DESTINATION Walnut Canyon

Share:
The Sinagua Indians had good reason to build their homes along the cliffs of Walnut Canyon.

Featured in the June 2004 Issue of Arizona Highways

BY: Rebecca Mong

Walnut Canyon Dwellings Reveal the Hardscrabble Sinagua Indian Life

FROM A.D. 1150 TO 1250, about 200 Sinagua Indians lived in a canyon 10 piney miles east of Flagstaff. They farmed, hunted and traded with settlements from California to the Plains and into Mexico. Instead of building their homes above the canyon, or near the creek flowing through it, they moved into weathered limestone alcoves halfway down the steep 400-foot mountainsides. With stone “roofs” already there, they added rock walls with low doorways and smoke holes. Today those cliff dwellings attract 150,000people a year to Walnut Canyon National Monument. Visitors can view the ruins from the rim and up close. The easiest footpath, the level .7-mile Rim Trail, offers a magnificent overlook of the canyon. Two ranger-led hikes, two to three hours each, go down into a side canyon to a historic ranger's cabin and through ancient farmlands.

Then there's the popular and infamous Island Trail, with its 240 steps down to - and back up from-a string of ruins. Fortunately, it comes with a railing and benches. The .9-mile trail passes two dozen rooms, some of which hikers can enter.

“It's a nice walk,” said Karl-Heinz Maier, a fitlooking German tourist who had just climbed back up the steps.

“It's... easy... going... down. Hard... coming up,” gasped a returning redfaced woman too out of breath to say more.

The Island Trail attracts all ages, but some overestimate their ability to handle the 7,000-foot elevation and the exertion. “We have two to three 'carry-outs' a year,” Chief Ranger Kim Watson said, referring to hikers hauled back up on litters.

Why did the Sinagua people build on the mountainsides? According to Park Service archaeologist Ian Hough, “They probably didn't want to waste the tillable soil up top, which they needed to grow corn, beans and squash.” Plus, added Watson, they could go up to the rim and down to the creek easily by following natural geological breaks and game trails. “It's not magic. It's logical,” he said.

On the way down the Island Trail-not just coming back up-visitors should rest on a bench or flat-topped boulder,watching for wildlife and imagining what living there was like. My first impression was how noise seemed to carry forever-laughing hikers downtrail, the squawking of turkey vultures soaring on the thermal currents and the chirping of unseen birds in the thick trees.

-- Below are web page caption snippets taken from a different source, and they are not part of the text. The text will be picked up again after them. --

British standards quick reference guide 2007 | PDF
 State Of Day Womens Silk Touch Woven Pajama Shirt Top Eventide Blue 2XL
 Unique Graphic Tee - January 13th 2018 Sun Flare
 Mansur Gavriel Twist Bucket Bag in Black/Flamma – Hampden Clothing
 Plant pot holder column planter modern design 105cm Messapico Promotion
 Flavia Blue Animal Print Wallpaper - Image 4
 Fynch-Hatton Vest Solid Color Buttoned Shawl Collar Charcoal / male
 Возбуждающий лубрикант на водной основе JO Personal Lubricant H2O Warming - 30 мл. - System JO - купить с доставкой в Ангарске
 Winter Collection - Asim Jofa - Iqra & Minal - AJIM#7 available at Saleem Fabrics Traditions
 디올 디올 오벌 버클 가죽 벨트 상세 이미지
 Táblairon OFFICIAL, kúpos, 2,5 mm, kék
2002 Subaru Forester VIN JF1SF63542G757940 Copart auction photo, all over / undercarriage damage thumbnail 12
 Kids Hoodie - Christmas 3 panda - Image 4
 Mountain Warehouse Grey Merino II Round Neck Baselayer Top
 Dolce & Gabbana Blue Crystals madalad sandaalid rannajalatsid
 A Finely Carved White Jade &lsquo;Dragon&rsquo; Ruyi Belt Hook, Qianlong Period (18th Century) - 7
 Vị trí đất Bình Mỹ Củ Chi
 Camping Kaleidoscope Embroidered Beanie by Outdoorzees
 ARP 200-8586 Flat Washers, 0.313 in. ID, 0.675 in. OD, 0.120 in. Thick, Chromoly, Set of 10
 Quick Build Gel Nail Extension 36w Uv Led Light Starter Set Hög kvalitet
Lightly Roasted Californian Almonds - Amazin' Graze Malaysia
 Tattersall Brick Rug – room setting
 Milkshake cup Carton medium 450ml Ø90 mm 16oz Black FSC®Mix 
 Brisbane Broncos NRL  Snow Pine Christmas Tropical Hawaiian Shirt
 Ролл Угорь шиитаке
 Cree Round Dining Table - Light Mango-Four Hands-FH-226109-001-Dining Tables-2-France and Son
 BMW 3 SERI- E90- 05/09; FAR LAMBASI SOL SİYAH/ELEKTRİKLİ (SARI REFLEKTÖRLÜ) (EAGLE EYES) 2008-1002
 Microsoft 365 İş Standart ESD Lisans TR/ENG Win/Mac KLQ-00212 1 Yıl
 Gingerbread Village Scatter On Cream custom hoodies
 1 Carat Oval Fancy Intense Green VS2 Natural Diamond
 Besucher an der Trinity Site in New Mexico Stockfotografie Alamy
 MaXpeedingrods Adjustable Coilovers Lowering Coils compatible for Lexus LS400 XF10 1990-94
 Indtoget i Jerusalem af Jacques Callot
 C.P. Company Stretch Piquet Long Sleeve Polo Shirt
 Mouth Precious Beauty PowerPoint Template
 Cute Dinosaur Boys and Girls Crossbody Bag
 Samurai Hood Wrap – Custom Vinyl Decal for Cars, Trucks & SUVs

Because of how the sun hits different parts of the canyon, its microclimates mimic a trek from upper Sonoran cacti in warmer locations to conifers and Douglas firs in cooler ones. Box elders and Arizona black walnut trees, the canyon and creek's namesake, grow in the creekbed, which fills with water only after rains.

Sitting on a bench, I thought about the Sinagua. Averaging about 5 feet 6 inches tall, they wore loincloths and fringed skirts. They picked vegetables; chased deer, bighorn sheep and rabbits; and made mats and sandals out of yucca fibers. They built dams for irrigation and terraced land to save precious soil. They used their dwellings for cooking and sleeping. Peering into those empty rooms, I saw smoke-blackened walls and ceilings, and-1 think-handprints on the clay-plastered walls. By the time the site became a national monument in 1915, souvenir hunters had plundered the artifacts. Those remaining ended up in various archives, and a few can be seen in the visitors center, including metates and manos, stone tools and the simple brown-andred pottery the Sinagua made. Exhibits reflect their lifestyle and trading expertise. The Sinagua swapped baskets, piñon nuts, sunflower seeds and obsidian for turquoise, rock salt, copper bells, pipes and figurines.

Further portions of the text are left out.